There I am, on the “service” line at my local Best Buy. Two employees are engaged behind the counter, and ahead of me, carrying a computer keyboard, just one other person. I can’t imagine there’ll be much of a wait. But for whatever reason, there is. In each instance the customers, just why I can’t determine, are involved in lengthy conversations. Still confident I’ll be served shortly, and in no particular rush, I stand there calmly, just gazing about. For a time the fellow in front of me, a tall, lean, gray-haired guy, probably in his late 30’s or early 40’s, stands motionless, seemingly at ease.. But then he begins to stir, his body language suggesting growing exasperation and impatience. I’ve waited on enough lines in my life to know that it’s just a matter of time before he decides to sound off. And, the only one around to complain to – is me. Sure enough he starts letting me know he’s upset. Somehow he’s concluded the problem is that neither of the customers speaks English very well. Since I can’t hear what is being said at the counter, I can only assume he’s reached that conclusion because both of them are not white, quite possibly born overseas. “You’d think after all these years,” he says, “they’d learn to speak the language.” It’s clear instantly where he’s coming from. I have no intention of feeding his prejudices. I counter, noting that my grandparents who came from Europe never learned English, even after living in the U.S. for decades. Still, l opt for a diversion at this point and mention that these days your mobile Smart Phone can translate for you. He’s heard about this and seems impressed how, with technology, we can overcome language barriers.

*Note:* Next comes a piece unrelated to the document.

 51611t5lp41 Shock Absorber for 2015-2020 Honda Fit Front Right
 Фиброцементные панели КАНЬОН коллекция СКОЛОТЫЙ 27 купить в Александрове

Inexplicably I am now informed that he installs windows. Moreover, he recently completed several big jobs – 20-30 new windows, big bucks involved. That’s followed by a complaint. “The guy never tipped me. Big expensive house, rich people, but they’re cheap. Maybe that’s how come they’re rich,” he tells me. He then mentions another “big job” where he got a $5 tip. “I gave it back, told him he needed it more than I did!”
He’s likely concluded that I’m a good listener so he moves on to another sore subject. Someone, he complains, has messed with his computer; insisted he pay them before they’d clear things up. “I hear the Pakistanis are doing this sort of thing.”
The good news is it’s now his turn and he moves to the counter to discuss his “tech” problem. Who knows what else he would likely have revealed to me. Even so, in the space of just a few minutes he had already unburdened himself, disclosed a series of grievances that lay just below the surface, and that he felt little hesitation sharing. He had, I sensed, identified me as a fellow “white man” (everyone else in our immediate area was non-white), assumed I’d understand and sympathize with his views.
Few today question the presence of working class discontent. Millions of Americans sensing a loss of status feel neglected and trapped having experienced little or no improvement in their lives. In this instance the fellow managed in practically no time, and almost automatically, to disparage and scapegoat colored people, the wealthy and foreigners. For him there was little doubt that he’d become a victim. Can we assume he was speaking for countless other disgruntled Americans?
Had our wait on line been longer could I have encouraged him to reconsider some of his views? Could I have challenged certain of his “truths” or been able to “reason” with him?
Because time ran out it didn’t happen. I imagine he concluded either that I agreed with him or that he’d been sufficiently persuasive, got me to thinking as he did. But clearly minds did not change; they rarely do in such circumstances. Just how to bridge this great divide remains the supreme challenge of our day.